> [RAW DATA]:
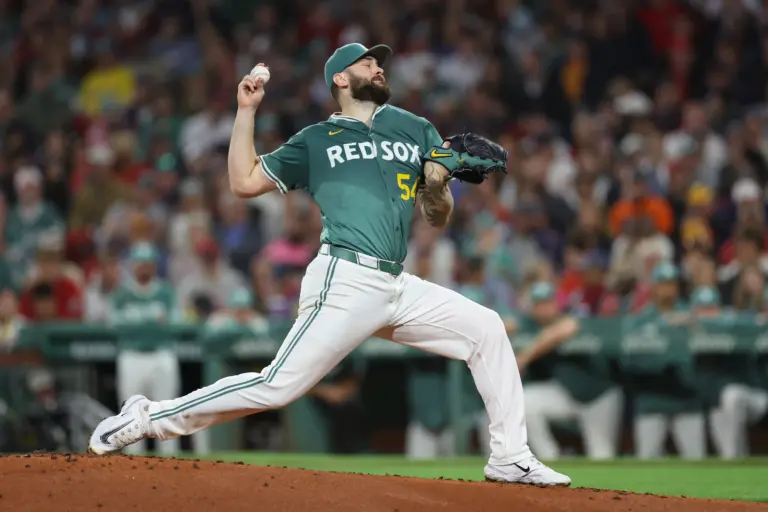 Starting pitcher Lucas Giolito (54) delivers a pitch during the second inning against the New York Yankees at Fenway Park.
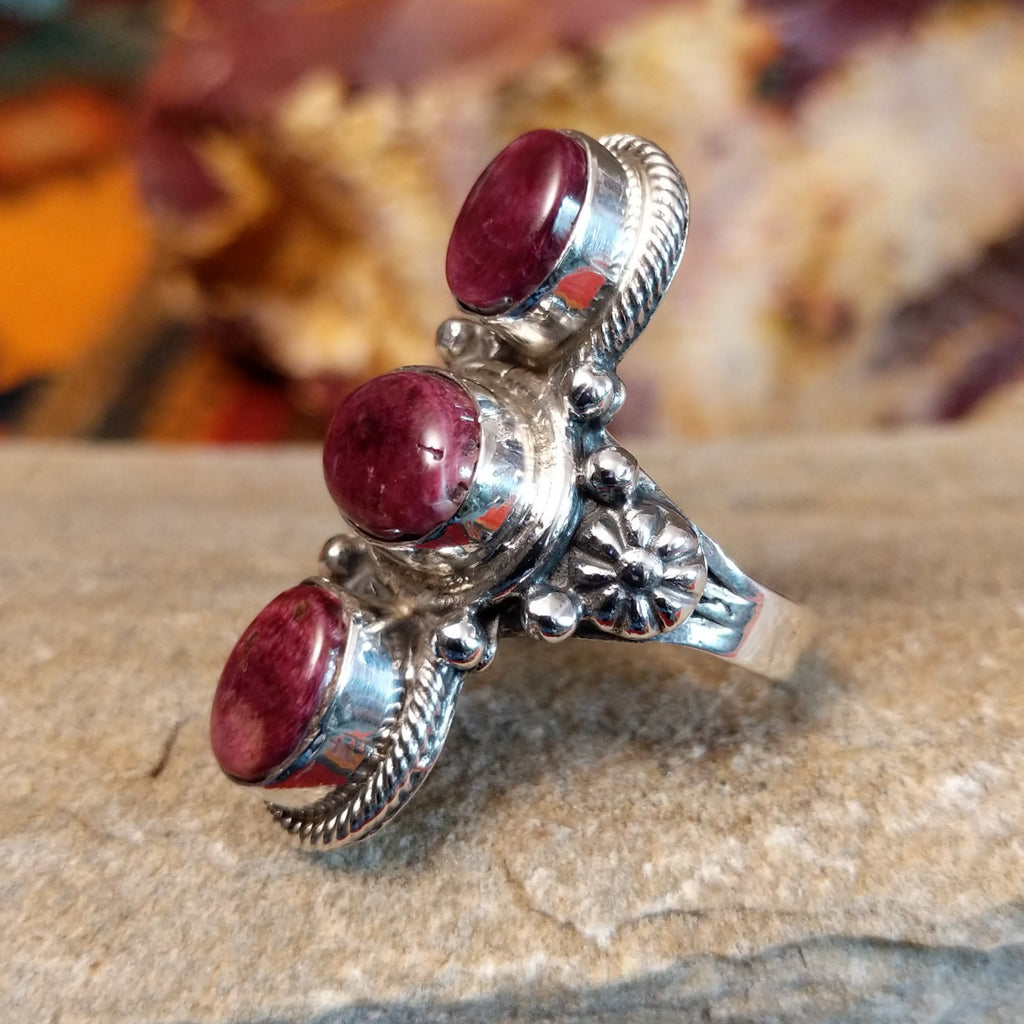 Three purple spiny oyster shells set in an intricate bezel with twisted rope detailing and beading.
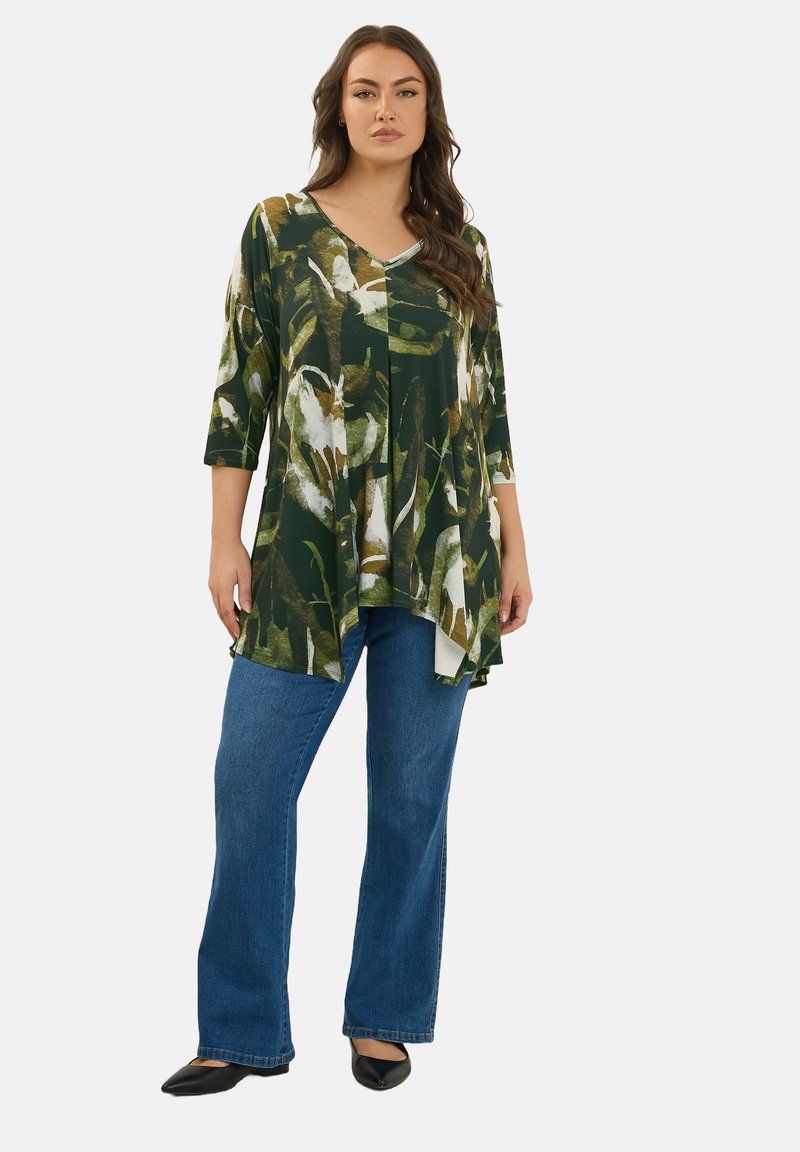 Bloemen groene tuniek met driekwart mouwen, V-hals en asymmetrische zoom, gecombineerd met blauwe uitlopende jeans en zwarte ballerina's.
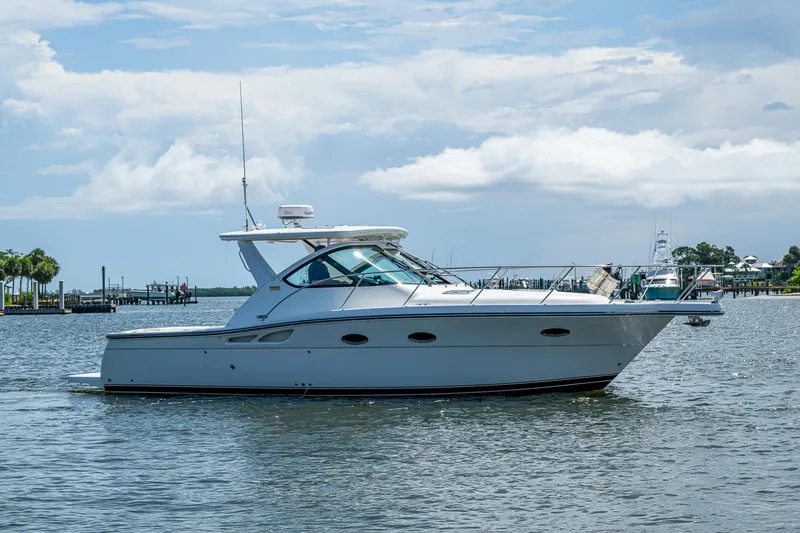 Slide: The Image of 2008 Tiara Yachts 3200 Open cruising on a calm, scenic waterway. - 0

> [HOW TO COMPLETE THIS TASK]:
Take the lines from the one containing "Bloemen groene tuniek" through the final line of the listing above and print them exactly, including both ends but no pictures.

> [SOLUTION FOR THIS TASK]:
 Bloemen groene tuniek met driekwart mouwen, V-hals en asymmetrische zoom, gecombineerd met blauwe uitlopende jeans en zwarte ballerina's.
 Slide: The Image of 2008 Tiara Yachts 3200 Open cruising on a calm, scenic waterway. - 0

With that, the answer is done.